Some people are in love with pens and there are those who despise the admittedly useful biro in favour of the fountain pen. My history with pens is not a good one. In the pen and ink schooldays when one was fooled into thinking that being an ink monitor was a privilege, or even a reward for being good, my nibs invariably crossed and caused a fine splatter of ink which a modern abstract artist could claim as some kind of conceptual work – the randomness of the universe, perhaps – but which my teachers regarded with disapproval and deemed it to be what it was – a mess. My fingers too were constantly ink-stained and I developed a callus on my middle finger where the pen, held correctly between thumb and forefinger, nevertheless rested on the middle one. Even biros seem to develop little blobs of ink on the tips and these deposit themselves on the fingers or worse, on the paper.
No, the pencil is king. It is cheap, it uses some form of solar energy (that of the body, some sage asserted). When errors occur, they are simply erased; it is easily maintained and if it ‘crashes’ there’s a sharpener on hand. If great writers of yore managed to produce enduring masterpieces without the so-called advantage of technology, do we really think, as some would have us believe, that we write better when we use a computer?
I’m off to write a few deathless lines with my 2B.
A Diet of Worms
Who amongst us has not been on a diet of some kind? Diets for specific illnesses, for allergies, for optimum health, for the perfect figure.

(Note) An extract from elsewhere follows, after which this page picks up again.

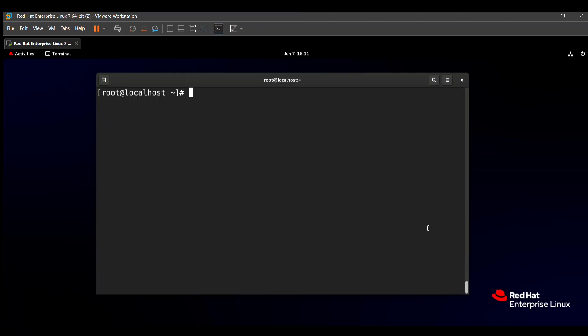For solving this, we need to find the configuration file related to all these settings. The configuration file is located at /etc/login.defs. Without wasting time, let's open this file with vim: vim /etc/login.defs.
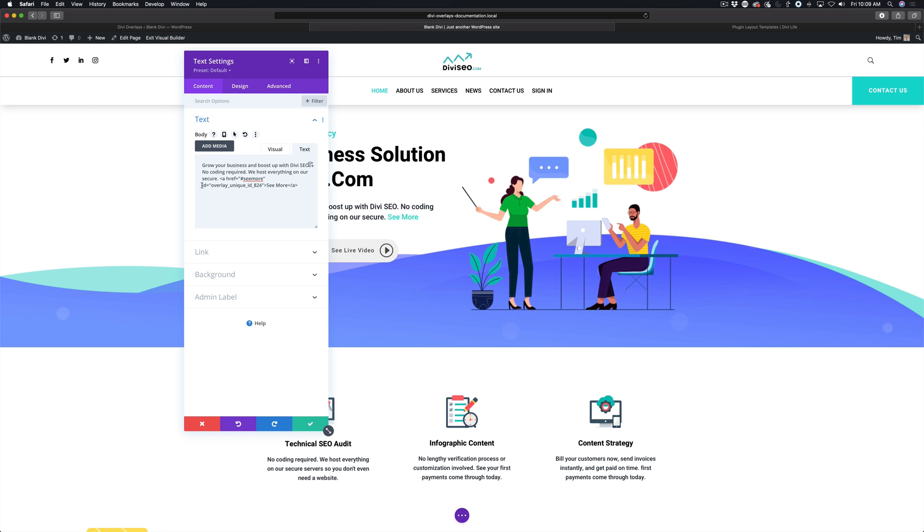I'm just going to do that again for repetition. So you can see that here. This is how the link looks after.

The perfect figure is probably the most common and the most elusive. Appalled by the present epidemic of obesity, we’ve become obsessed with slimness, desiring (and I suppose this applies particularly to women) a stick figure. This is extremely difficult for those of us who have inherited fat-trapping genes. I belong to this group but when some of my overweight friends discipline themselves and lose tens of kilos, I feel quite sad because I’d rather have more of them than less, and anyway their faces cease to be plump and smiling and become lined and doleful. Face or figure: that’s the choice.
In the search for a svelte shape, we try, among others, the Israel diet, the Atkin diet, Jenny Craig, Weight Watchers, the current Paleo diet. As I recall, there was a chocolate diet which must have had universal if temporary appeal, though I am not sure that it worked – perhaps it comprised a Mars bar reward after a plate of lettuce.